AIM OF THE EXERCISE:
Report each line from the entries in which "your" can be found.

GIVEN INFORMATION:
______________________________

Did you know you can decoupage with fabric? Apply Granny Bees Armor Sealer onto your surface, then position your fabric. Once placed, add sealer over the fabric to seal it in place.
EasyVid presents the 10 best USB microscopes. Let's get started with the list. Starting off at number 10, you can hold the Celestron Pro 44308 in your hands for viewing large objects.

______________________________

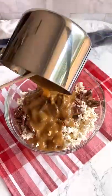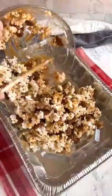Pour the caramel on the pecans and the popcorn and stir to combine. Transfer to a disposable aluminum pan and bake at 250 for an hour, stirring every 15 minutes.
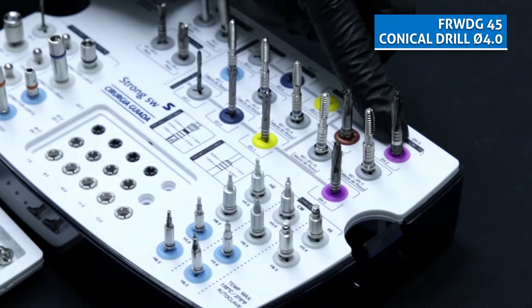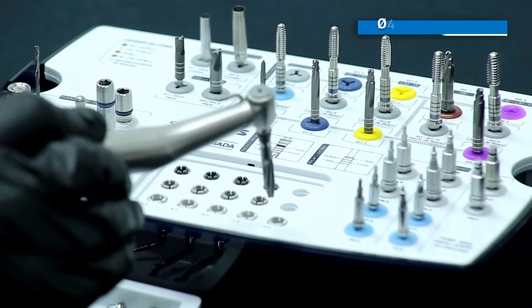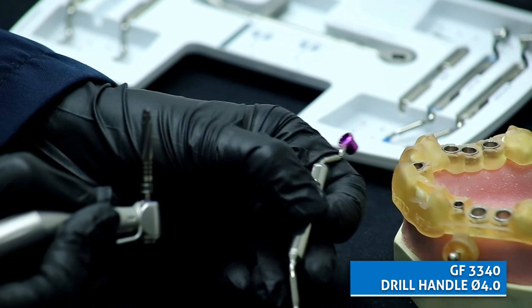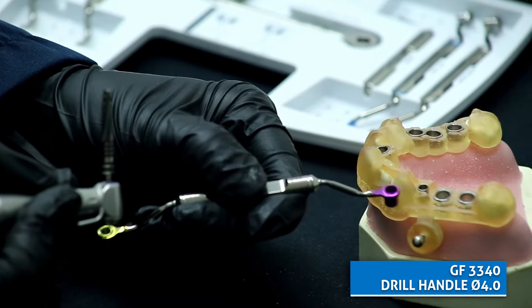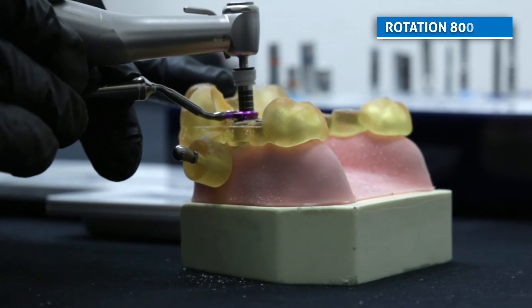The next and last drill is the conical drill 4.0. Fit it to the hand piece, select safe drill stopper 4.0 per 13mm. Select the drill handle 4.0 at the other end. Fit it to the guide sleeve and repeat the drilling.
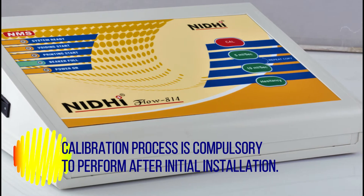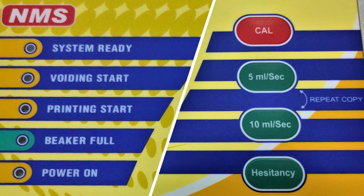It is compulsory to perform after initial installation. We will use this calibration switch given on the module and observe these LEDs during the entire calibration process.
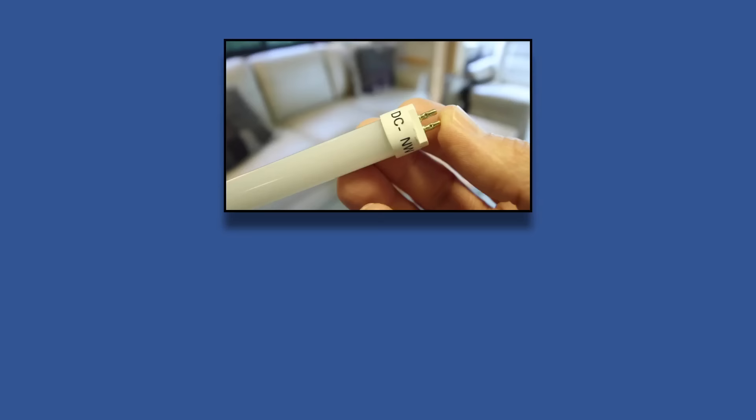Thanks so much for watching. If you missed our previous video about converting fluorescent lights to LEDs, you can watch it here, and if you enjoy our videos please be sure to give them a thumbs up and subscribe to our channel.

______________________________

SOLUTION FOR THIS EXERCISE:
Did you know you can decoupage with fabric? Apply Granny Bees Armor Sealer onto your surface, then position your fabric. Once placed, add sealer over the fabric to seal it in place.
EasyVid presents the 10 best USB microscopes. Let's get started with the list. Starting off at number 10, you can hold the Celestron Pro 44308 in your hands for viewing large objects.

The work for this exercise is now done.